(DATA IN THIS EXERCISE begins)

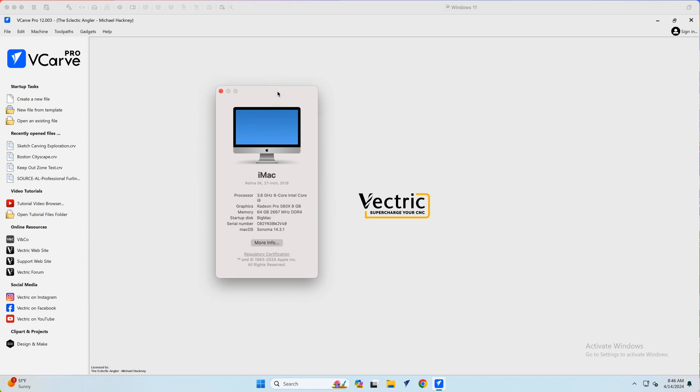There've been lots of questions over the years, but certainly with the new V12 releases of software from Vectric about whether you can run them and whether they perform reasonably well on Mac OS of various types running either Parallels or VMware Fusion. So I happen to have both an older 2019 iMac running an Intel processor.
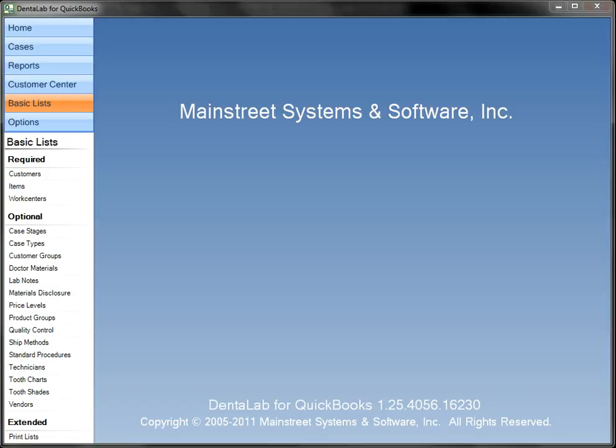Dental Lab for QuickBooks provides an important capability for dental laboratories that wish to add case management to the QuickBooks software used for accounting and financial management. It provides all of the components for entry, scheduling, and tracking of the cases or work orders based on dental prescriptions.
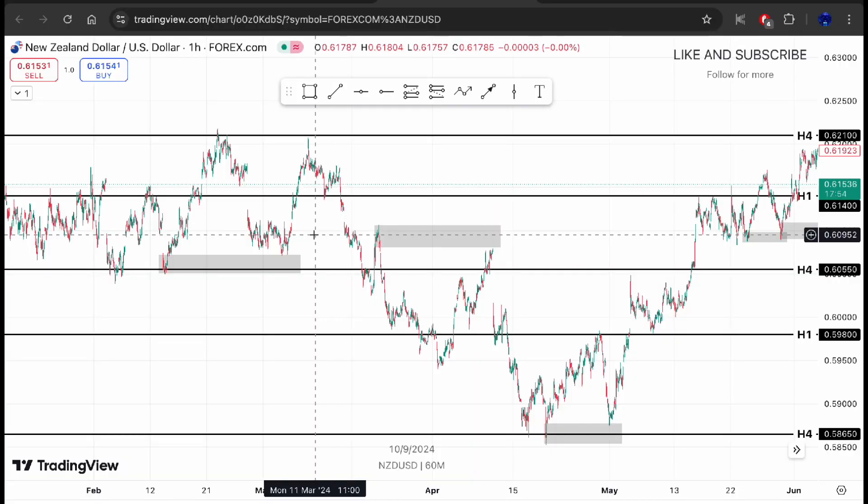Hey guys, welcome back to the channel. In this video I'm going to teach you the basics of supply and demand. This is part three of a three-part series. In part one we talked about how to analyze forex charts, in part two we talked about how to identify trends in the forex market, and now this is the third and final part of the series.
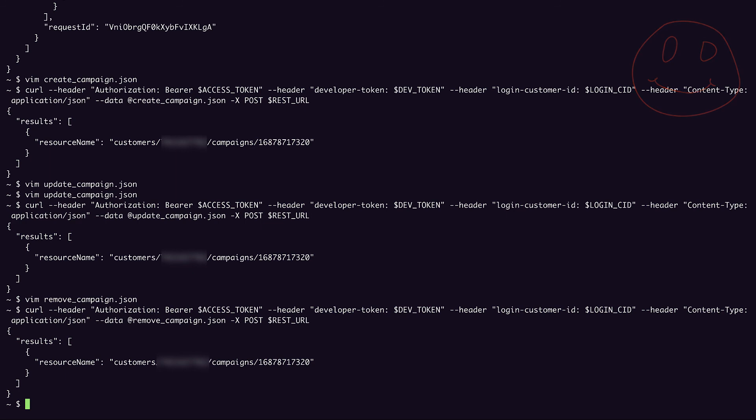In the interest of time, we didn't do any reporting on our campaigns in this video, but you can check out our video on search and search stream for more information on how you would do that. All right, that concludes our resource specific mutate demo. I hope you found this video helpful and thank you for joining.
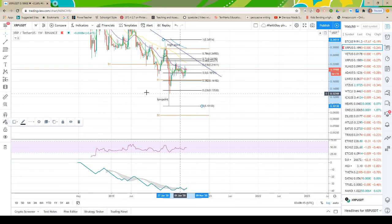Now that we know we have a possible uptrend, we can measure it. We'll grab our Fibonacci retracement tool, start at the low point and pull up — because we're going from the bottom up on an uptrend — to the highest peak, which was this point right here. It looks like price came all the way up, tested and broke each line one at a time, got to the high point, and stalled out.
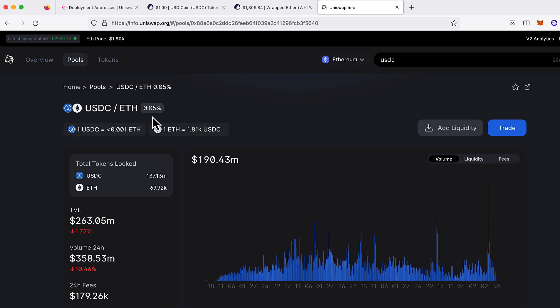This is the 500 fee tier pool of USDC and Wrapped Ether. It shows Ether in its place when using info.uniswap. And this is the same address up here that we looked up with code.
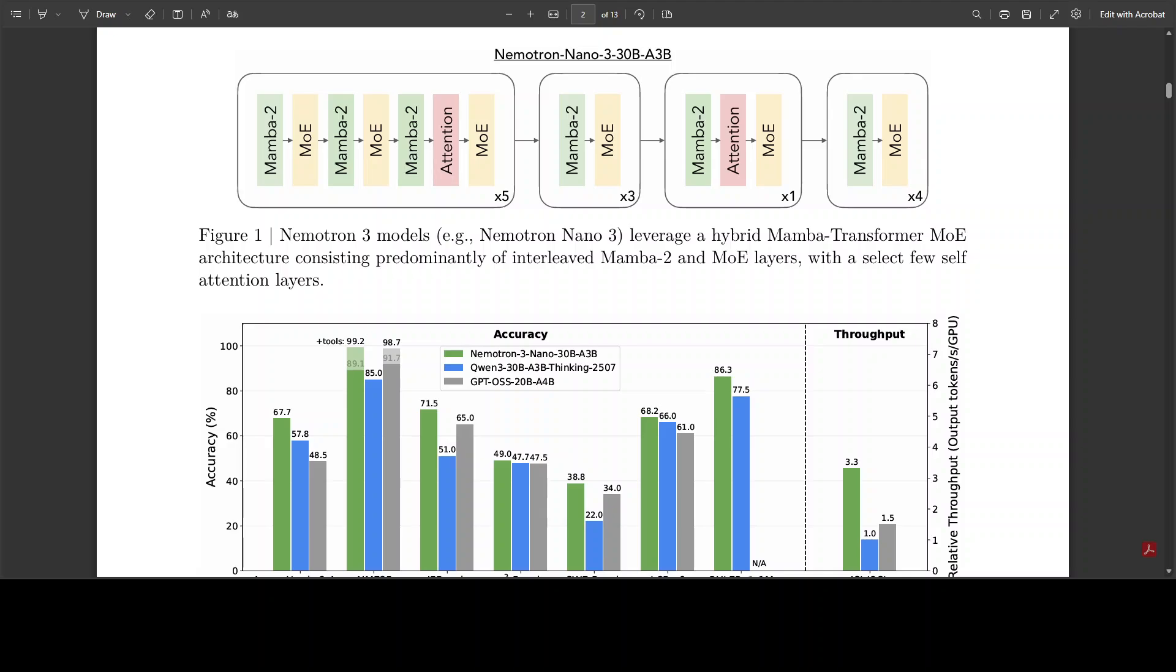For Nemotron-3 Nano, it features 23 Mamba-2 and mixture-of-expert layers plus six attention layers, with each mixture-of-expert layer having 128 experts plus one shared. It only activates six per token, resulting in around 3.5 billion active parameters. The larger models like Super and Ultra use latent MoE which projects tokens to a lower latent dimension for routing, boosting expert count and active experts per token.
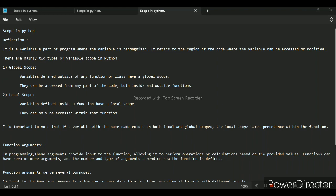Our first subtopic is scope in Python. Its definition is simple — it is a variable of a part of a program where the variable is recognized. It refers to the region of code where the variable can be accessed or modified. Generally there are two types of variable scope in Python: global scope and local scope.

(DATA IN THIS EXERCISE ends)

From the first line through the line with "Hey guys, welcome", output those lines of the entries above exactly, and nothing else, with the pictures left out.

There've been lots of questions over the years, but certainly with the new V12 releases of software from Vectric about whether you can run them and whether they perform reasonably well on Mac OS of various types running either Parallels or VMware Fusion. So I happen to have both an older 2019 iMac running an Intel processor.
Dental Lab for QuickBooks provides an important capability for dental laboratories that wish to add case management to the QuickBooks software used for accounting and financial management. It provides all of the components for entry, scheduling, and tracking of the cases or work orders based on dental prescriptions.
Hey guys, welcome back to the channel. In this video I'm going to teach you the basics of supply and demand. This is part three of a three-part series. In part one we talked about how to analyze forex charts, in part two we talked about how to identify trends in the forex market, and now this is the third and final part of the series.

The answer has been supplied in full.